**Prompt**
The line with "kitchen with appliances" marks where to begin; print it and all lines after it in the material below exactly, skipping pictures.

━━━━━ Available data

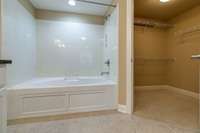 Primary bathroom: Garden tub with shower and the walk in closet.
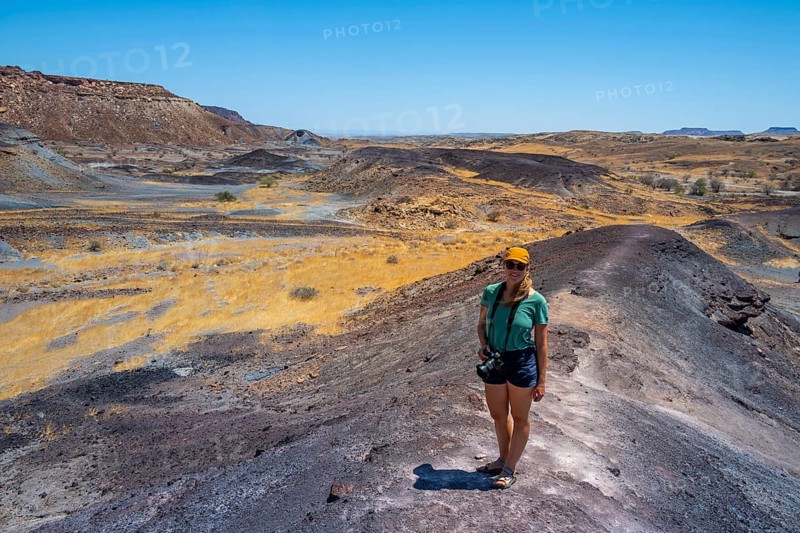 Tourist, Dry landscape with yellow grass and black volcanic hills, Burnt Mountain, Damaraland, Kunene, Namibia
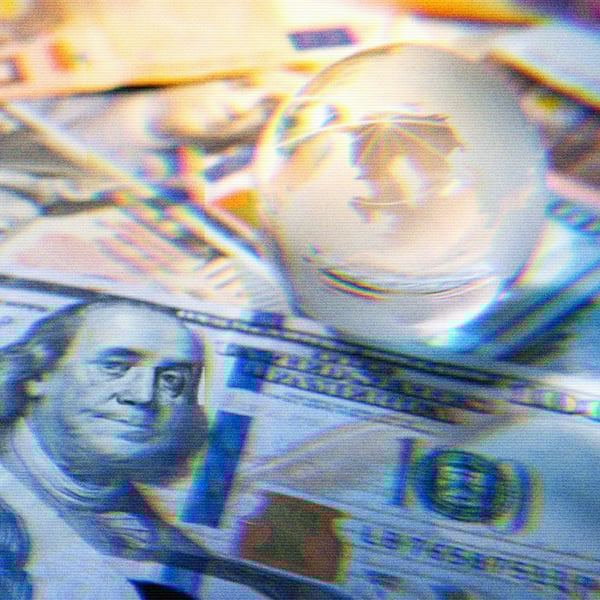 Crystal globe on top of currency from around the world.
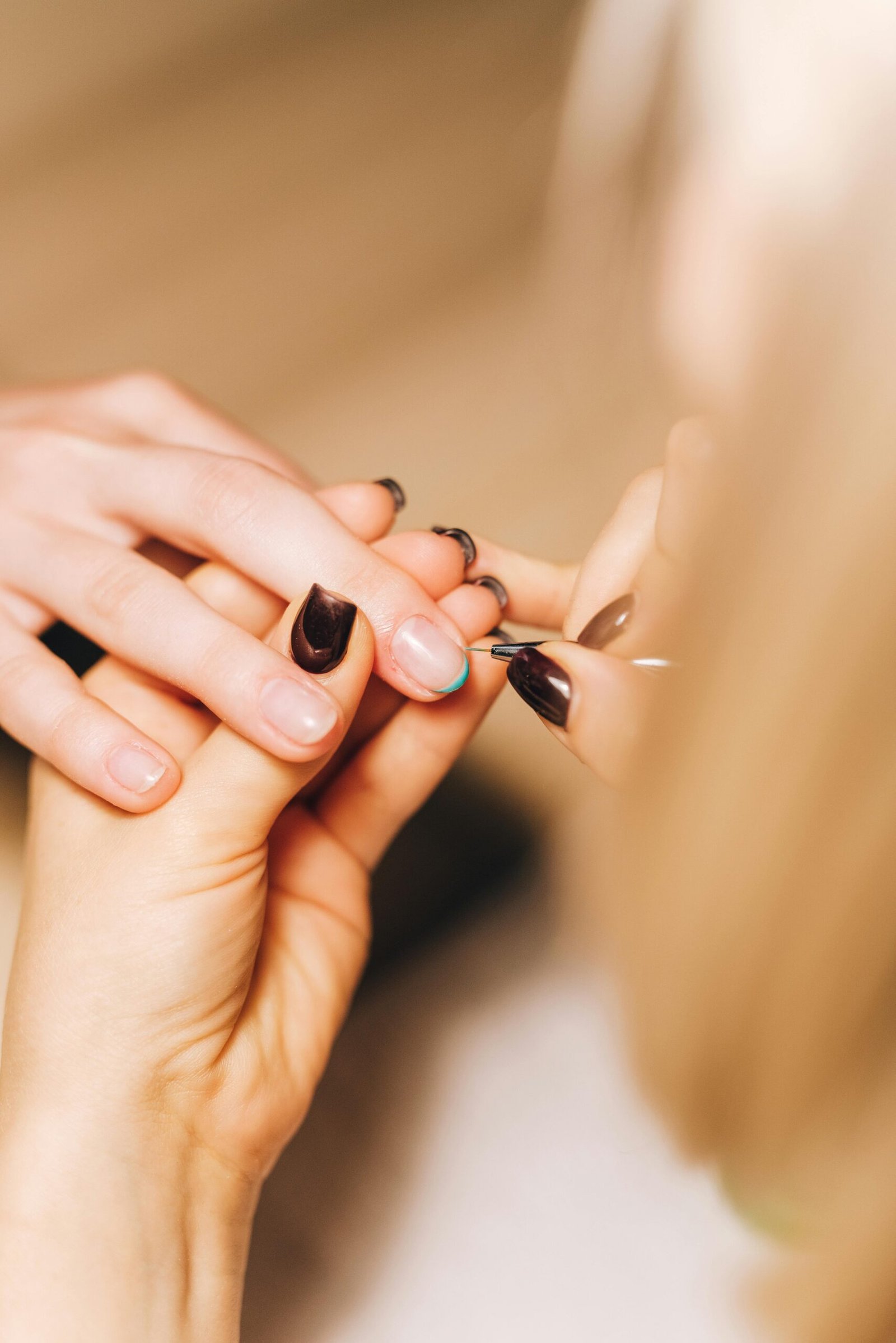 Esthéticienne en train de poser des capsules sur les ongles d'une cliente lors d'une séance de manucure en institut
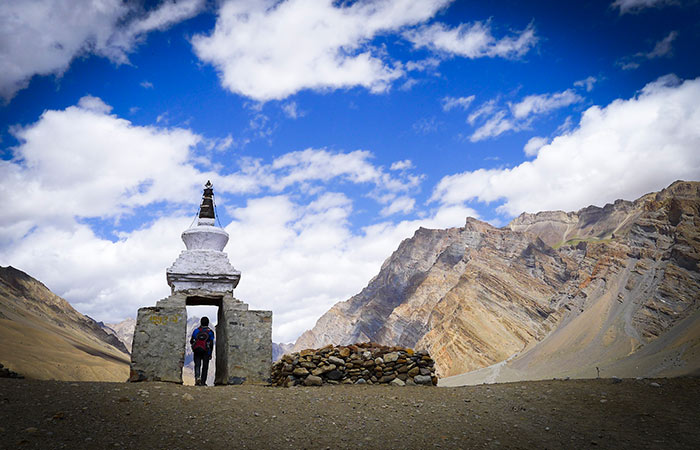 Man standing under a stone structure looking at mountains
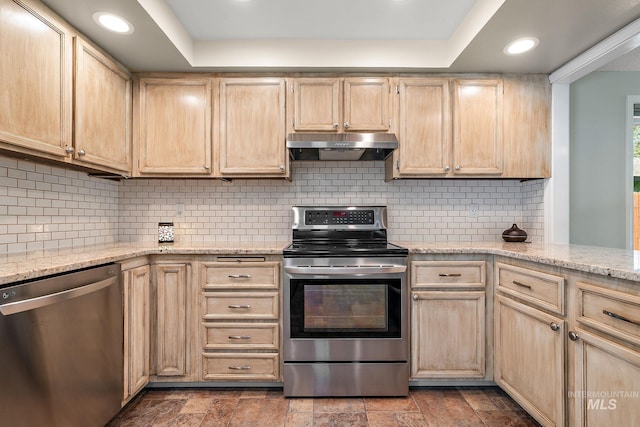 kitchen with appliances with stainless steel finishes, light brown cabinets, recessed lighting, under cabinet range hood, and a tray ceiling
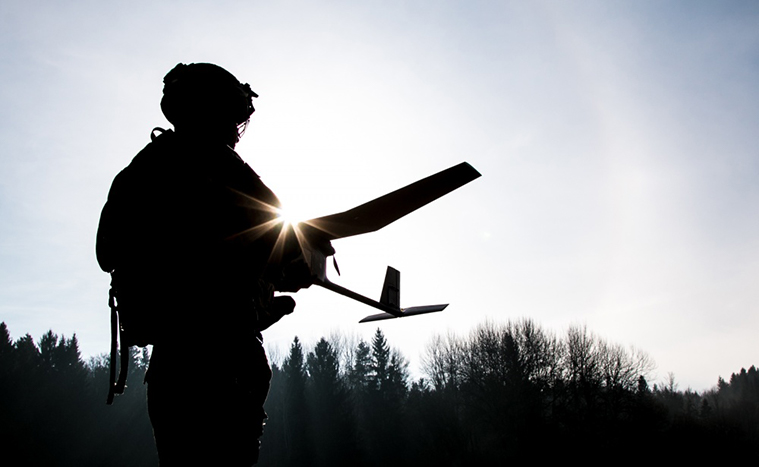 Spc. William Ritter prepares to launch a RQ-11B Raven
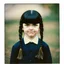 Placeholder: wednesday addams as a child, braids, frange, worn polaroid, 1970s, liminal, angry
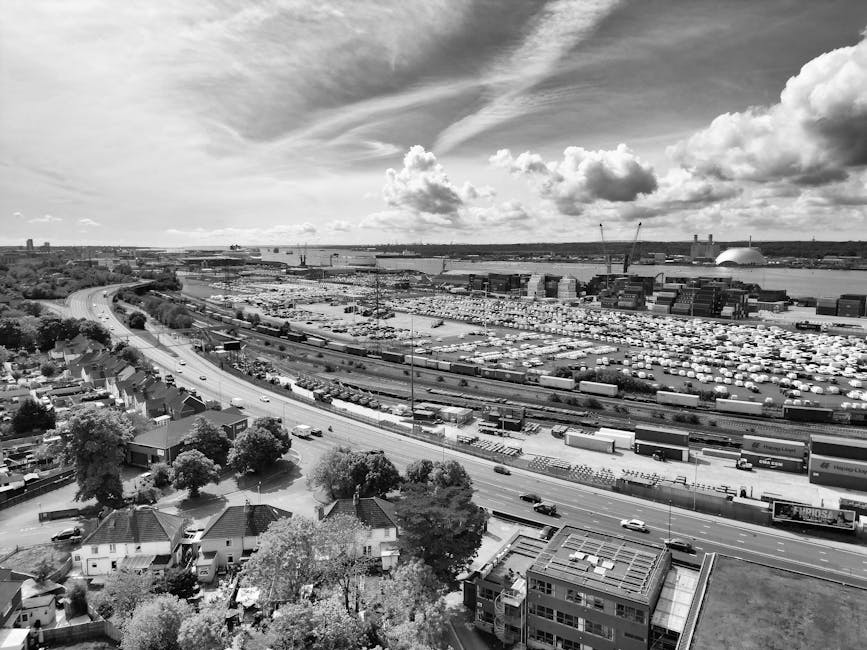 A black and white aerial photograph of a large industrial port area with numerous docked cargo ships and stacked containers, situated along a wide river. In the foreground, there are residential house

━━━━━━━━━━

**Response box**
 kitchen with appliances with stainless steel finishes, light brown cabinets, recessed lighting, under cabinet range hood, and a tray ceiling
 Spc. William Ritter prepares to launch a RQ-11B Raven
 Placeholder: wednesday addams as a child, braids, frange, worn polaroid, 1970s, liminal, angry
 A black and white aerial photograph of a large industrial port area with numerous docked cargo ships and stacked containers, situated along a wide river. In the foreground, there are residential house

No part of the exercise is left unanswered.